A former republic of the Soviet Union, Uzbekistan has been independent only since 1991 and has worked through a multi-decade transition to a market economy. The sum is one of the world’s least traded major currencies. As of May 2026, around 12,800 sum trade for one US dollar, up from about 11,000 in 2022. The Uzbek government adopted a floating exchange rate in 2017 as part of a wider liberalization package, and the country has since posted relatively stable GDP growth of around 5% annually despite continued currency-side pressure.
Guinean Franc

Guinea shares its southwestern border with Sierra Leone and, like its neighbor, has a currency that has struggled with sustained inflation for decades. Widespread poverty, political instability (the September 2021 coup compounded the picture), and an annual GDP of roughly $24 billion combine to keep the Guinean franc among the world’s lowest-valued monetary units. As of May 2026, around 8,700 Guinean francs trade for one US dollar despite the country’s substantial mineral and bauxite wealth.
Colombian Peso

The Colombian peso is one of the lowest-valued currencies in South America. One US dollar buys around 4,200 pesos as of May 2026, with the rate trading between roughly 3,800 and 4,800 over the past three years on a mix of inflation pressure and political volatility. The peso traded much closer to the US dollar at its mid-20th-century historical highs, but gradual devaluation has widened the spread steadily since.
Cambodian Riel

After decades of Khmer Rouge dictatorship and civil war in the late 20th century, Cambodia’s currency remains among the lowest-valued in Southeast Asia. The US dollar is widely accepted across the country, which has historically reinforced the riel’s marginal status: many retail transactions are quoted in dollars and change is given in riel. As of May 2026, one US dollar buys roughly 4,000 riels, essentially unchanged from 2022. The National Bank of Cambodia has been pushing a de-dollarization program since the late 2010s with modest progress, but USD currency in circulation still dominates large transactions.
Venezuelan Bolivar

The Venezuelan bolivar is the textbook hyperinflation case of the past decade. The bolivar was once considered one of the most stable currencies in Latin America until the inflationary spiral began in the 1980s.
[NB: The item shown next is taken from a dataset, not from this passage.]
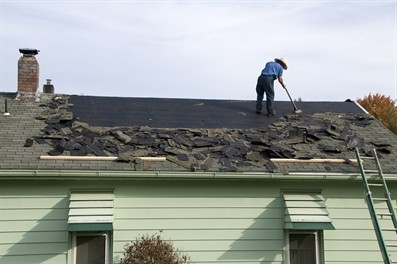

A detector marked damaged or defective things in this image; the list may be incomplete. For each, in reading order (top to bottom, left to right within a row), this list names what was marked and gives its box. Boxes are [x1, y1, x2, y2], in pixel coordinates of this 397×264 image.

damaged roof [2, 92, 396, 174]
Despite the country’s standing as a major oil producer, Venezuela‘s economic crisis has continued to deepen rather than ease. Three redenominations have stripped a cumulative 14 zeros off the original bolivar (3 zeros in 2008, 5 in 2018, and 6 in October 2021). The most recent reset issued the Bolívar Digital (still using the VES code) at four VES per US dollar. By May 2026, that rate has slid to roughly 500 VES per dollar, an annualized depreciation of well over 100%. Venezuela’s economy now uses the US dollar for most large transactions, with the bolivar serving mainly for small everyday payments.
Reading the List
Hyperinflation, sanctions, multi-tier exchange systems, and outright banking collapse show up across the currencies above. Compared to global reference currencies like the US dollar and the Euro, the list reflects the underlying economic pressures faced by each country. Two important notes on what the list does not say. First, a low exchange rate is not the same as a “weak” currency in any economic sense (the Japanese yen example in the intro is the standard one). Second, the list moves. Sierra Leone’s old leone (SLL) was redenominated to the new leone (SLE) in July 2022 at a rate of 1,000 to 1, and the country no longer ranks in the lowest tier. Argentina‘s peso slid from roughly 140 ARS per dollar in late 2022 to around 1,385 ARS per dollar by May 2026 under the Milei-administration reforms, a dramatic depreciation that does not yet bring the peso into the lowest-tier list by nominal exchange rate but is the most-watched recent case. Zimbabwe launched the gold-backed ZiG (Zimbabwe Gold) in April 2024 to replace the collapsed Zimbabwe dollar, the latest in a long sequence of Zimbabwean currency resets. The redenominations keep changing the list. The underlying inflation and growth pressures are what determine where each currency settles next.